Review by Fitzcarraldo
SPECIAL COLLABORATOR Honorary Collaborator
3 stars What a pleasant surprise: a good quality instrumental symphonic rock album released in 1985 in the former USSR; a treat if you like your rock with classical music influences and synth. Others have mentioned "chamber instrumental ensemble", and indeed this is very much the impression I get listening to this band. I'm guessing that the band members studied classical music formally.

'Snowballs' is very reminiscent of YES and, to me, of a snowscape with snowflakes falling and a sleigh speeding through it. It's a jolly track and very classical sounding. 'Chaconne' also reminds me of YES, albeit less than 'Snowballs' does. It is a slower piece, still pleasing, building slowly and darkly; then a lighter guitar melodiously comes in as if the sun has broken through the clouds, backed with a repetitive keyboard and bass line which is, after all, what a chaconne is. 'Summer In Town' does not remind me much of YES but there is the odd reminder of ELP, probably due to the various synth parts, sometimes sounding very fat (I just love the sound of reverberating analogue synth!). Part of the track plods along like a great dancing bear. Unlike the other two tracks, 'Summer In Town' has a very insipid ending though. Although I've mentioned YES a few times above, the band is not a YES imitator: they have their own sound.

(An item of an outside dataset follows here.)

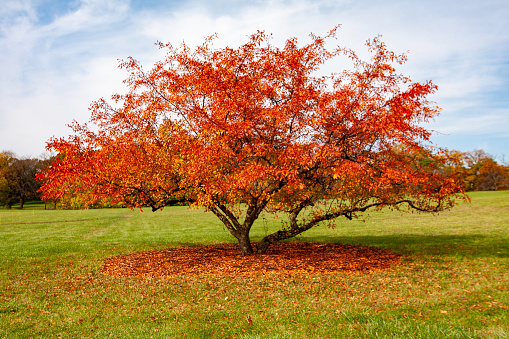 Vibrant tree in a meadow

This is yet another review where I'm torn between awarding 3 or 4 stars to an album. It's not a masterpiece, but is enjoyable to listen to and, judging by the brief vocalisations in the last track, the band enjoyed making it. In my opinion it's definitely worth having if you've got it, but I'm not sure I could categorically say "go out and buy it" if you don't. Nevertheless, if you like long, instrumental, classical-influenced symphonic Prog then you probably wouldn't be disappointed if you did buy it. If 3.5 stars were possible I'd go for that, but will plump for 3 (Good, but non-essential).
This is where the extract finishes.